C) Significación permanente de la fe cristológica en sus orientaciones y contenido


5. A pesar de todas estas dificultades, la enseñanza cristológica de la Iglesia, y en forma muy
especial el dogma definido en el concilio de Calcedonia, conservan su valor definitivo. Está
permitido y es tal vez oportuno tratar de profundizar en ella, pero no es lícito rechazarla. A
nivel histórico, es falso decir que los padres conciliares de Calcedonia han inclinado el dogma
cristiano en el sentido de los conceptos helenísticos. Las dificultades actuales, que hemos
recordado, muestran, por otra parte, que algunos de nuestros contemporáneos padecen de
una profundo ignorancia en lo que se refiere al sentido auténtico del dogma cristológico, y
tampoco tienen siempre una visión correcta acerca de la verdad de Dios creador del mundo
visible e invisible.

Para llegar a la fe en Cristo y en la salvación que Él nos trae, es preciso admitir un cierto
número de verdades que la explican. Dios vivo es amor (1 Jn 4, 8), y por amor creó todas las
cosas. Este Dios vivo -Padre, Verbo, Espíritu santificador- creó al hombre a su imagen en el
comienzo del tiempo, y le dio la dignidad de persona dotada de razón en medio del cosmos.
Cuando llegó la plenitud de los tiempos, el Dios trinitario completó su obra en Jesucristo,
constituyéndolo como mediador de la paz y de la alianza que ofrecía al mundo entero, para
todos los hombres y para todos los siglos. Jesucristo es el hombre perfecto. En efecto, Él vive
totalmente de y para Dios Padre. Al mismo tiempo, vive totalmente con los hombres y para su
salvación, es decir, para su realización plena, por lo que es el ejemplo y el sacramento de la
nueva humanidad.

La vida de Cristo nos proporciona una nueva comprensión tanto de Dios como del hombre. Del
mismo modo que «el Dios de los cristianos» es nuevo y específico, así también «el hombre de
los cristianos» es nuevo y original con respecto a todas las demás concepciones acerca del
hombre. La condescendencia de Dios (Tit 3, 4) y, si se puede emplear el término, su
«humildad» lo hace solidario de los hombres por medio de la Encarnación, obra de amor. Así
se hace posible un hombre nuevo que encuentra su gloria en el servicio y no en la dominación.
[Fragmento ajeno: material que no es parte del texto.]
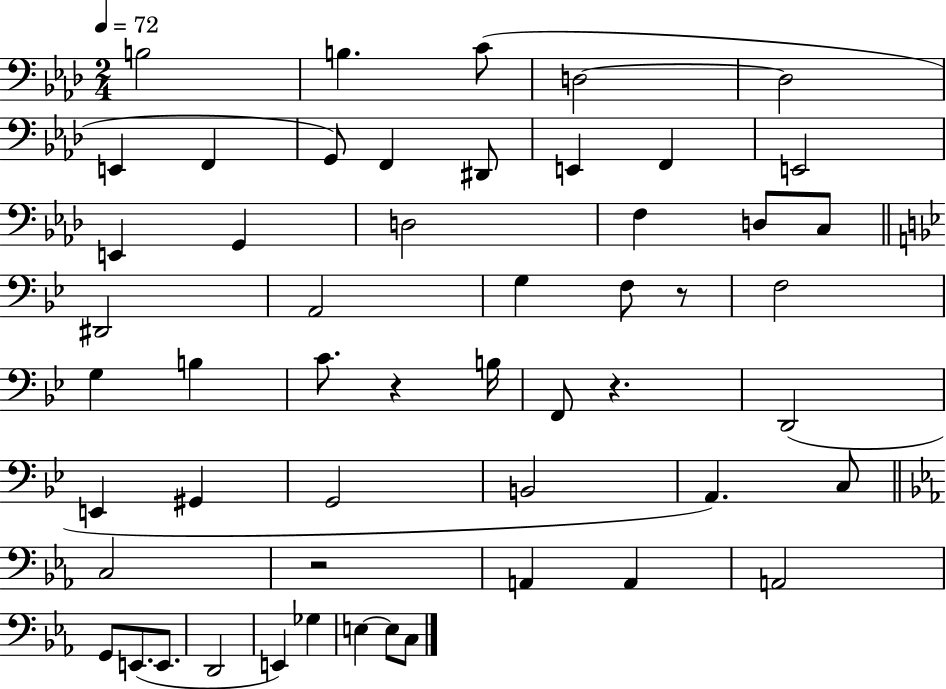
{
  \clef bass
  \numericTimeSignature
  \time 2/4
  \key aes \major
  \tempo 4 = 72
  b2 | b4. c'8( | d2~~ | d2 | \break e,4 f,4 | g,8) f,4 dis,8 | e,4 f,4 | e,2 | \break e,4 g,4 | d2 | f4 d8 c8 | \bar "||" \break \key bes \major dis,2 | a,2 | g4 f8 r8 | f2 | \break g4 b4 | c'8. r4 b16 | f,8 r4. | d,2( | \break e,4 gis,4 | g,2 | b,2 | a,4.) c8 | \break \bar "||" \break \key ees \major c2 | r2 | a,4 a,4 | a,2 | \break g,8 e,8.( e,8. | d,2 | e,4) ges4 | e4~~ e8 c8 | \break \bar "|."
} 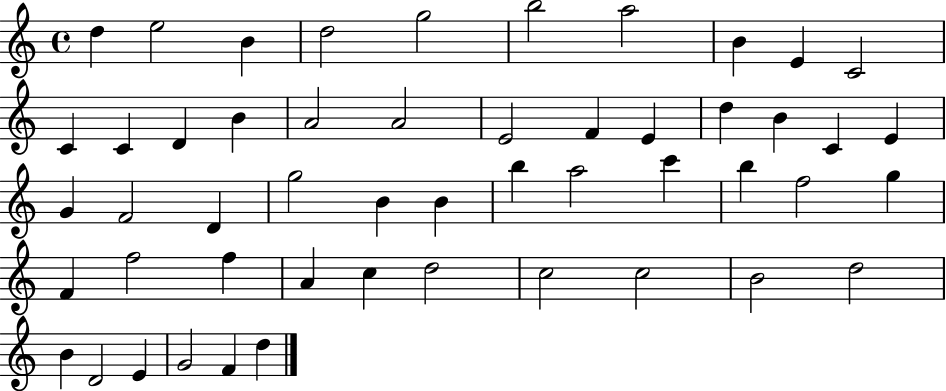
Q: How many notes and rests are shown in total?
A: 51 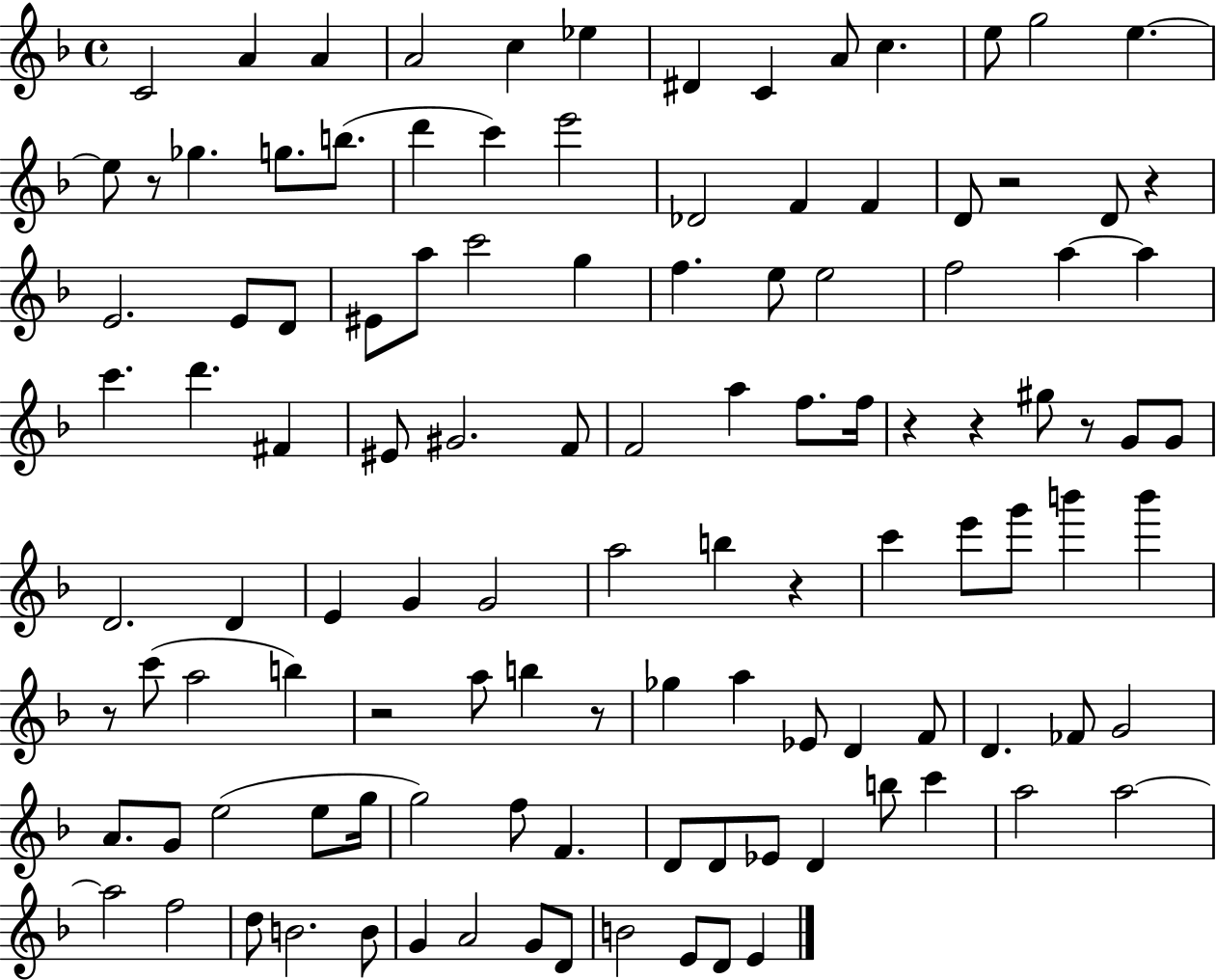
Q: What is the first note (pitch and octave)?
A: C4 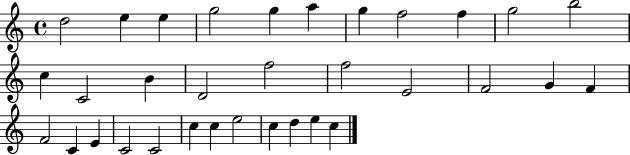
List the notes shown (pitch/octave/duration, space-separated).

D5/h E5/q E5/q G5/h G5/q A5/q G5/q F5/h F5/q G5/h B5/h C5/q C4/h B4/q D4/h F5/h F5/h E4/h F4/h G4/q F4/q F4/h C4/q E4/q C4/h C4/h C5/q C5/q E5/h C5/q D5/q E5/q C5/q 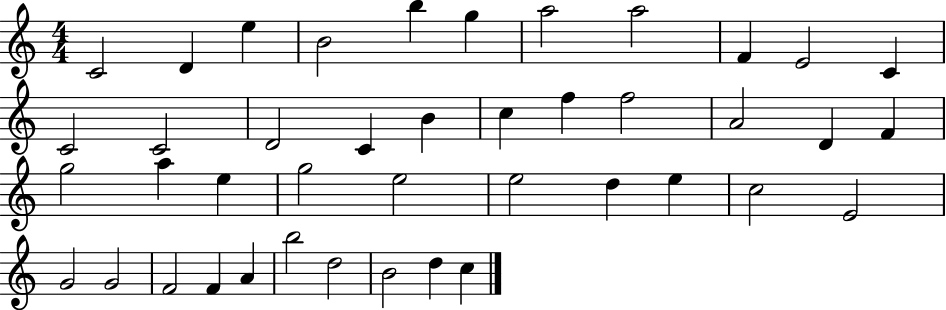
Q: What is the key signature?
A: C major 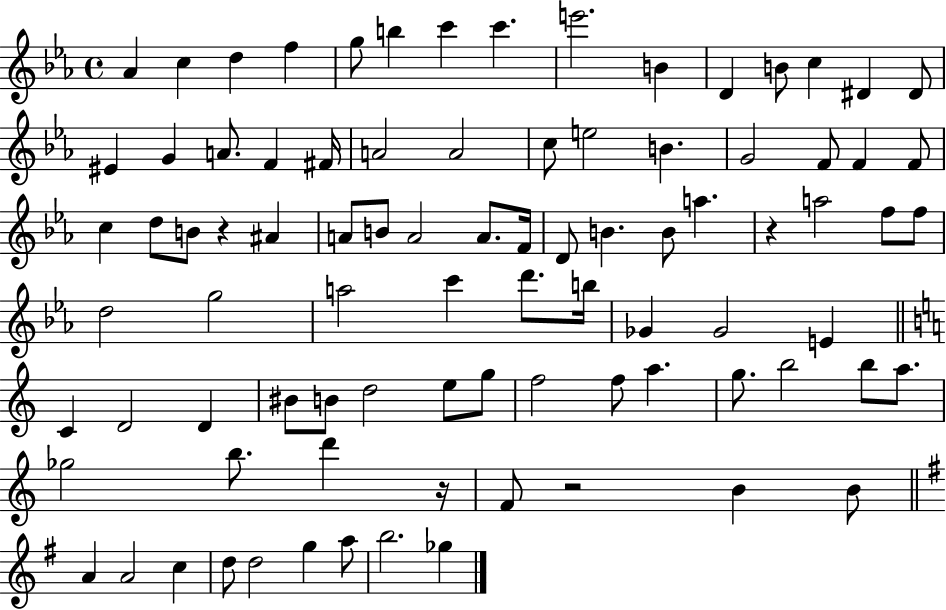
{
  \clef treble
  \time 4/4
  \defaultTimeSignature
  \key ees \major
  aes'4 c''4 d''4 f''4 | g''8 b''4 c'''4 c'''4. | e'''2. b'4 | d'4 b'8 c''4 dis'4 dis'8 | \break eis'4 g'4 a'8. f'4 fis'16 | a'2 a'2 | c''8 e''2 b'4. | g'2 f'8 f'4 f'8 | \break c''4 d''8 b'8 r4 ais'4 | a'8 b'8 a'2 a'8. f'16 | d'8 b'4. b'8 a''4. | r4 a''2 f''8 f''8 | \break d''2 g''2 | a''2 c'''4 d'''8. b''16 | ges'4 ges'2 e'4 | \bar "||" \break \key c \major c'4 d'2 d'4 | bis'8 b'8 d''2 e''8 g''8 | f''2 f''8 a''4. | g''8. b''2 b''8 a''8. | \break ges''2 b''8. d'''4 r16 | f'8 r2 b'4 b'8 | \bar "||" \break \key g \major a'4 a'2 c''4 | d''8 d''2 g''4 a''8 | b''2. ges''4 | \bar "|."
} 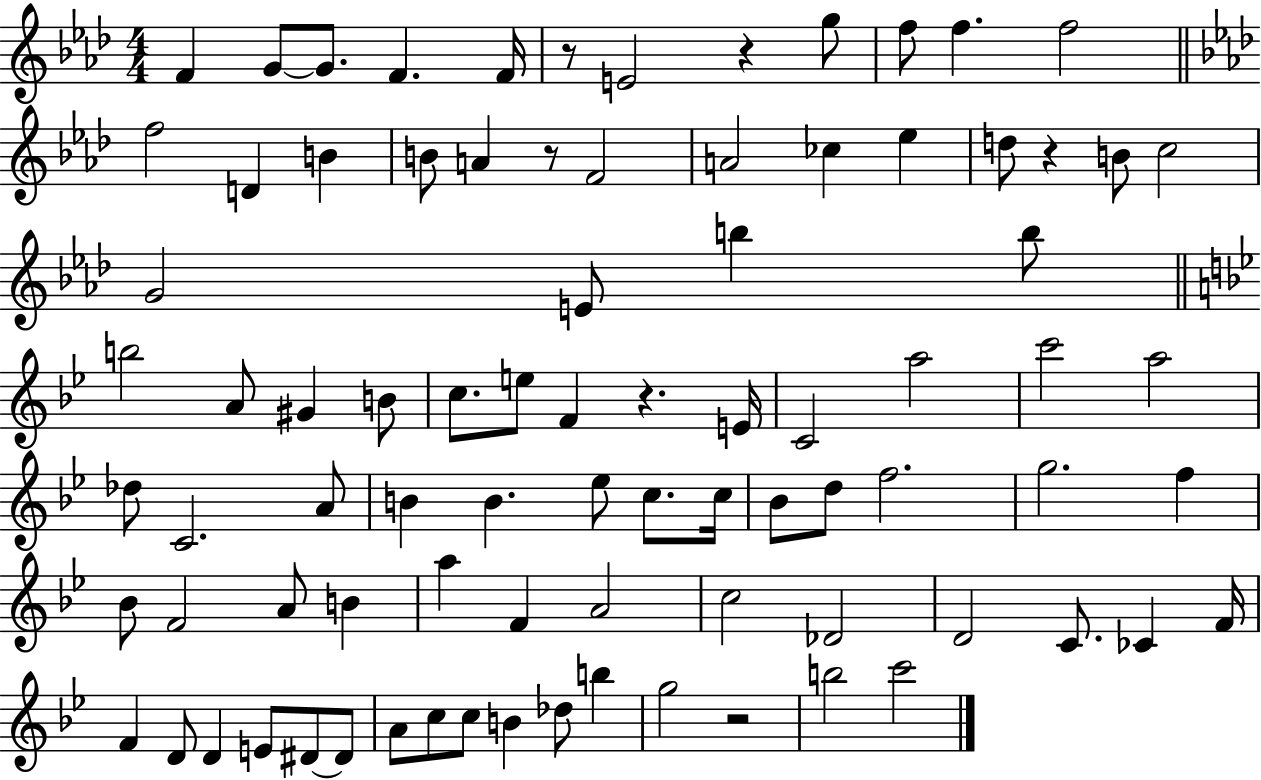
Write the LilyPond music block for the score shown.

{
  \clef treble
  \numericTimeSignature
  \time 4/4
  \key aes \major
  f'4 g'8~~ g'8. f'4. f'16 | r8 e'2 r4 g''8 | f''8 f''4. f''2 | \bar "||" \break \key f \minor f''2 d'4 b'4 | b'8 a'4 r8 f'2 | a'2 ces''4 ees''4 | d''8 r4 b'8 c''2 | \break g'2 e'8 b''4 b''8 | \bar "||" \break \key g \minor b''2 a'8 gis'4 b'8 | c''8. e''8 f'4 r4. e'16 | c'2 a''2 | c'''2 a''2 | \break des''8 c'2. a'8 | b'4 b'4. ees''8 c''8. c''16 | bes'8 d''8 f''2. | g''2. f''4 | \break bes'8 f'2 a'8 b'4 | a''4 f'4 a'2 | c''2 des'2 | d'2 c'8. ces'4 f'16 | \break f'4 d'8 d'4 e'8 dis'8~~ dis'8 | a'8 c''8 c''8 b'4 des''8 b''4 | g''2 r2 | b''2 c'''2 | \break \bar "|."
} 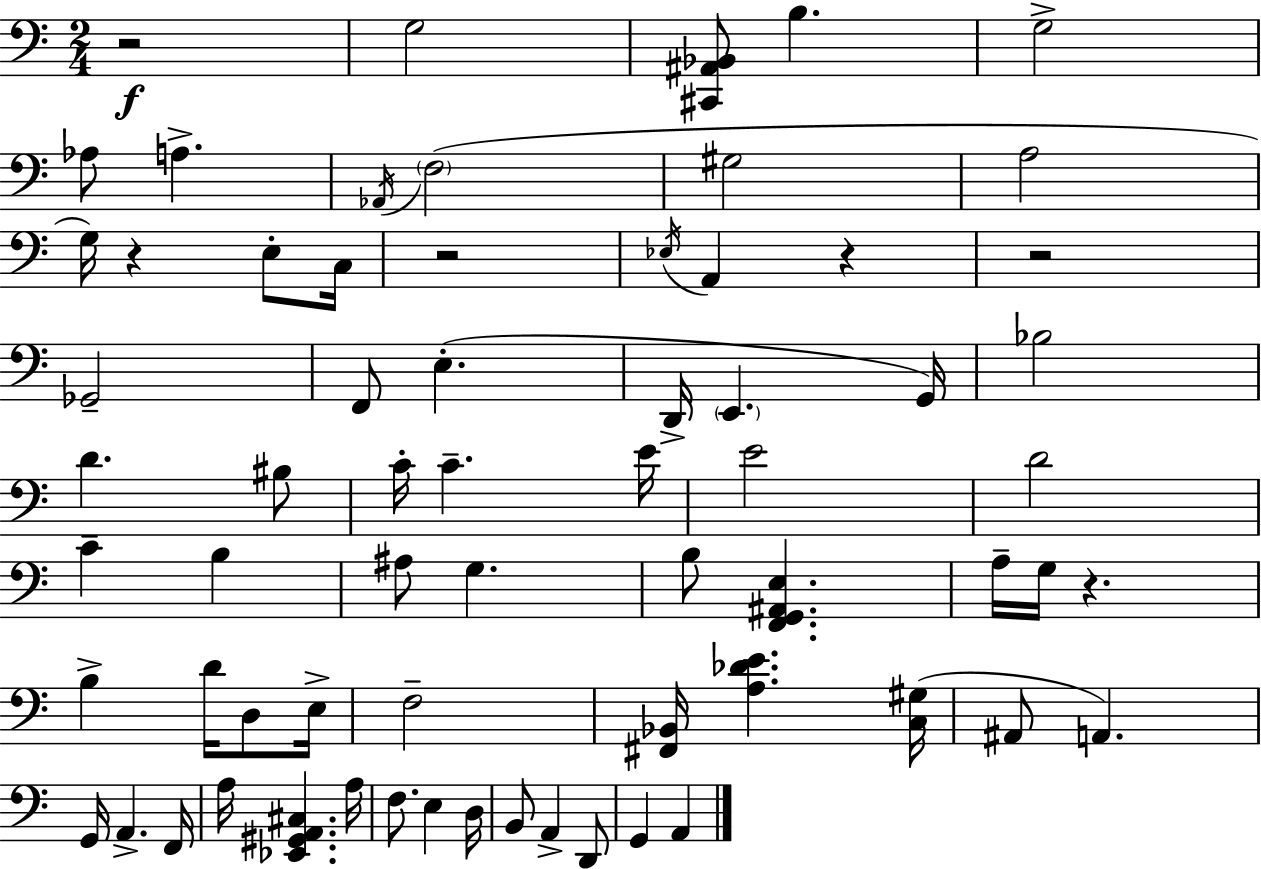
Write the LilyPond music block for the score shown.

{
  \clef bass
  \numericTimeSignature
  \time 2/4
  \key c \major
  r2\f | g2 | <cis, ais, bes,>8 b4. | g2-> | \break aes8 a4.-> | \acciaccatura { aes,16 } \parenthesize f2( | gis2 | a2 | \break g16) r4 e8-. | c16 r2 | \acciaccatura { ees16 } a,4 r4 | r2 | \break ges,2-- | f,8 e4.-.( | d,16-> \parenthesize e,4. | g,16) bes2 | \break d'4. | bis8 c'16-. c'4.-- | e'16 e'2 | d'2 | \break c'4-- b4 | ais8 g4. | b8 <f, g, ais, e>4. | a16-- g16 r4. | \break b4-> d'16 d8 | e16-> f2-- | <fis, bes,>16 <a des' e'>4. | <c gis>16( ais,8 a,4.) | \break g,16 a,4.-> | f,16 a16 <ees, gis, a, cis>4. | a16 f8. e4 | d16 b,8 a,4-> | \break d,8 g,4 a,4 | \bar "|."
}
La existencia de Cristo es para los hombres (pro-existencia); para ellos tomó forma de siervo
(cf. Flp 2, 7); para ellos muere y resucita de entre los muertos a la verdadera vida (cf. Rom 4,
24). La vida de Cristo, orientado hacia los demás, nos hace ver que la verdadera autonomía del
hombre no consiste ni en una superioridad ni en una oposición. Por el espíritu de superioridad
(supra-existencia) el hombre trata de imponerse y dominar a los otros. En la oposición (contra-
existencia) trata a los hombres con injusticia y se esfuerza por manipularlos.

En un primer momento, la concepción de la vida humana que se deduce de la de Cristo no


puede sino chocar. Y por eso es por lo que reclama una conversión total del hombre, no sólo
en sus principios, sino en todo su continuidad y, por la perseverancia, hasta el fin. Tal
conversión sólo puede nacer de la libertad que ha sido remodelada por el amor.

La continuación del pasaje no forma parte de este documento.